The seven species listed as occurring in Indiana (Rasmussen and Morse 2023) that should be removed from the state checklist due to misidentified specimens, taxonomic changes, or dubious identification without voucher specimens.
| Taxon | Reference | Reason |
|---|---|---|
| Cheumatopsycheharwoodi Denning, 1948 | Waltz and McCafferty 1983 | Misidentified. Specimens are actually C.analis |
| Hydropsychealvata Denning, 1949 | Waltz and McCafferty 1983 | Junior synonym of H.incommoda (Korecki 2006 |
| Hydropsychebidens Ross, 1938 | Waltz and McCafferty 1983 | Junior synonym of H.incommoda (Korecki 2006) |
| Hydropsycheorris Ross, 1938 | Waltz and McCafferty 1983 | Junior synonym of H.incommoda (Korecki 2006) |
| Hydropsycherossi Flint et al., 1979 | Waltz and McCafferty 1983 | Junior synonym of H.simulans (Korecki 2006) |
| Hydropsychevenularis Banks, 1914 | Bright (1985) | Larval record without voucher specimens |
| Pycnopsycheantica (Walker, 1852) | Wojtowicz (1982) | Junior synonym of P.scabripennis (Green 2023) |
Of the known species, 100 (46%) were considered abundant or common, whereas 75 (34%) were considered rare, and 44 (20%) have not been collected in the last 40 years and, thus, were considered data deficient (Table 1). Leptoceridae (43 species), Hydroptilidae (42), and Hydropsychidae (38) were the most species rich families. They were also the families with the greatest number of total species occurrence records, collectively encompassing nearly 75% of all such records (Fig. 3). Species found only either before 1983 or after 2005 occurred in similar proportions for most families. The exceptions were the Limnephilidae and Phryganeidae, which collectively included 11 species found only before 1983 and none found only after 2005 (Fig. 4). The genera Fabria, Oligostomis (both Phryganeidae), and Hydatophylax (Limnephilidae) were found only before 1983, whereas Ithytrichia and Leucotrichia (both Hydroptilidae) were found only after 2005.
Figure 3.
Log10 number of species occurrence records for each of the 18 caddisfly families known from Indiana based on all historical and contemporary collecting and sampling.
Figure 4.
The 72 species collected either before 1983 or after 2005, but not during both periods, organized by family.

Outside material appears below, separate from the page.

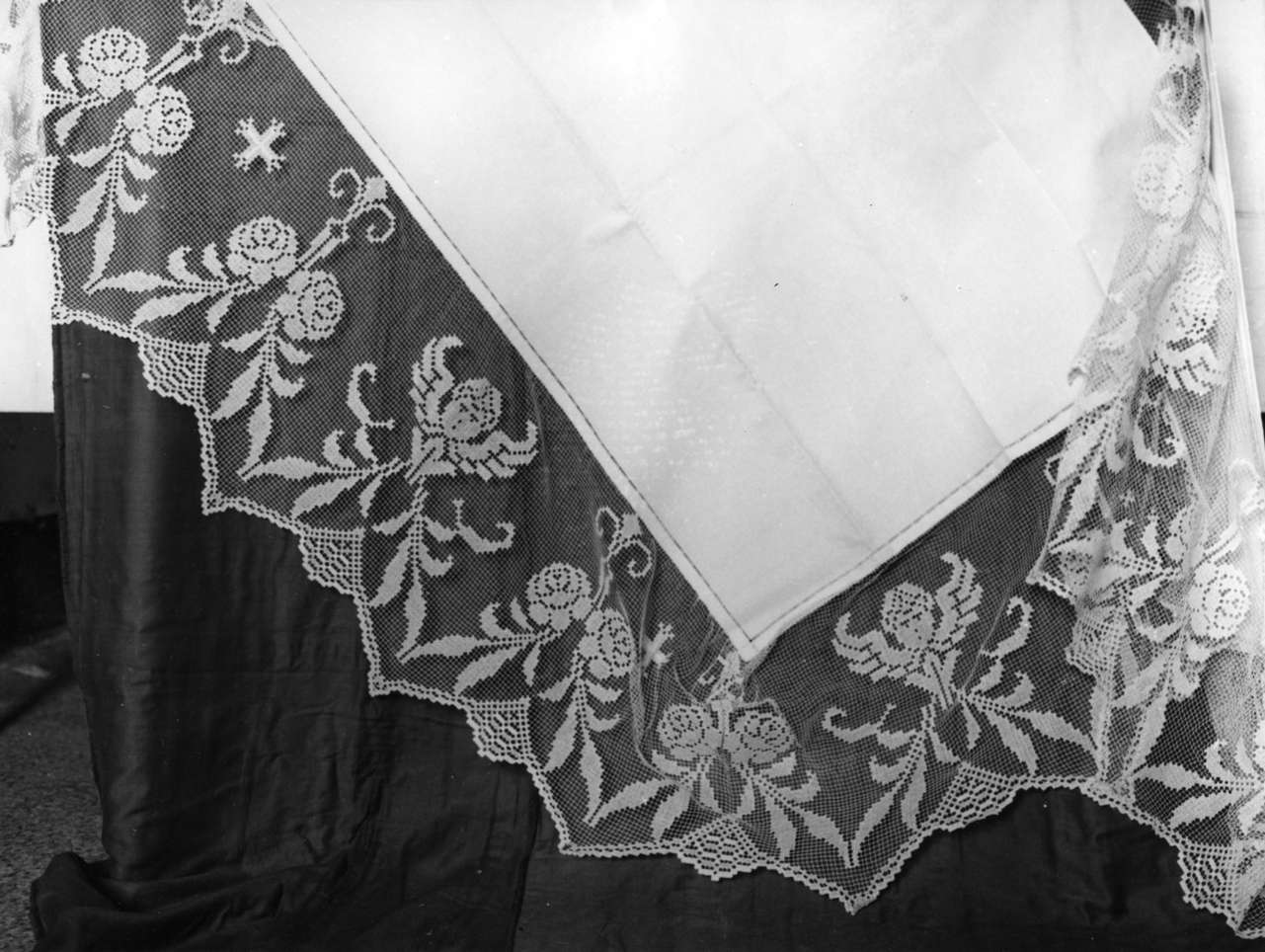 tovaglia d'altare, opera isolata - manifattura ligure (inizio sec. XX)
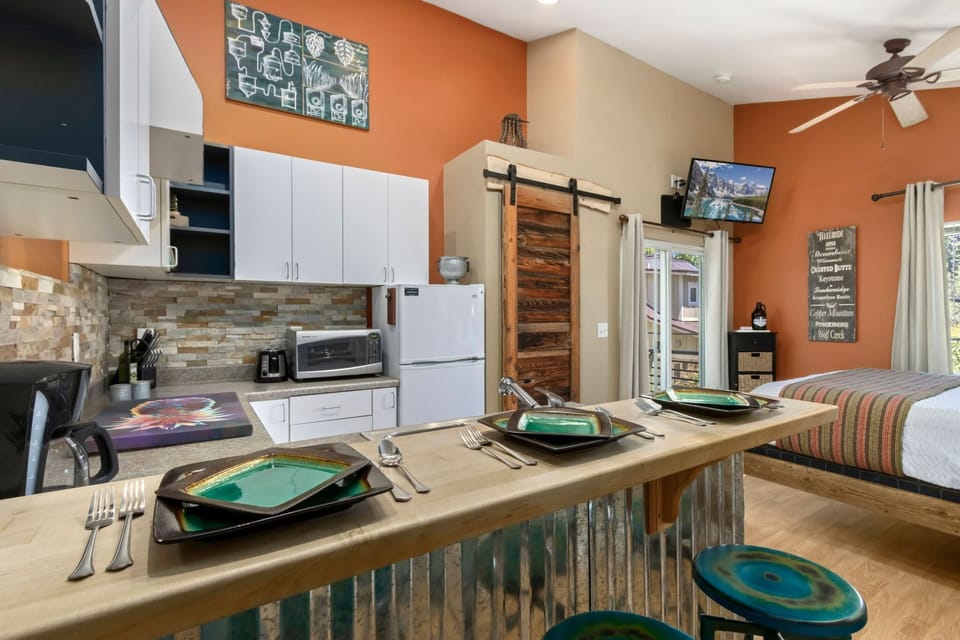 Studio Apartment with a Kitchenette | Breakfast Bar seating for 3!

On average, species for 12 of the 18 families had an equal or greater number of occurrence records after 2005 than they did before 1983. The exceptions were the Lepidostomatidae (−11%), Phryganeidae (−12%), Thremmatidae (−13%), Molannidae (−31%), Dipseudopsidae (−33%), and Limnephilidae (−42%) (Fig. 5). Similarly, all FFGs had an equal or greater number of occurrence records after 2005 than they did before 1983, except for shredders which decreased by nearly 30% (Fig. 6).
Figure 5.
Mean difference between the two time periods of the study in the number of total species occurrence records among the 18 caddisfly families known from Indiana. Difference per species was calculated by subtracting the number of pre-1983 records from the number of post-2005 records and then dividing the result by the total number of records. These values were then averaged to determine the mean difference per family. A positive value signified a greater number of post-2005 records, whereas a negative value signified a greater number of pre-1983 records. Species occurrence data taken from Table 1.
Figure 6.
Mean difference between the two time periods of the study in the number of total species occurrence records among the five primary functional feeding groups (FFGs) known from Indiana. Difference per species was calculated by subtracting the number of pre-1983 records from the number of post-2005 records and then dividing the result by the total number of records. These values were then averaged to determine the mean difference per FFG. A positive value signified a greater number of post-2005 records, whereas a negative value signified a greater number of pre-1983 records. Species occurrence data taken from Table 1. FFG data taken from Merritt et al. (2019).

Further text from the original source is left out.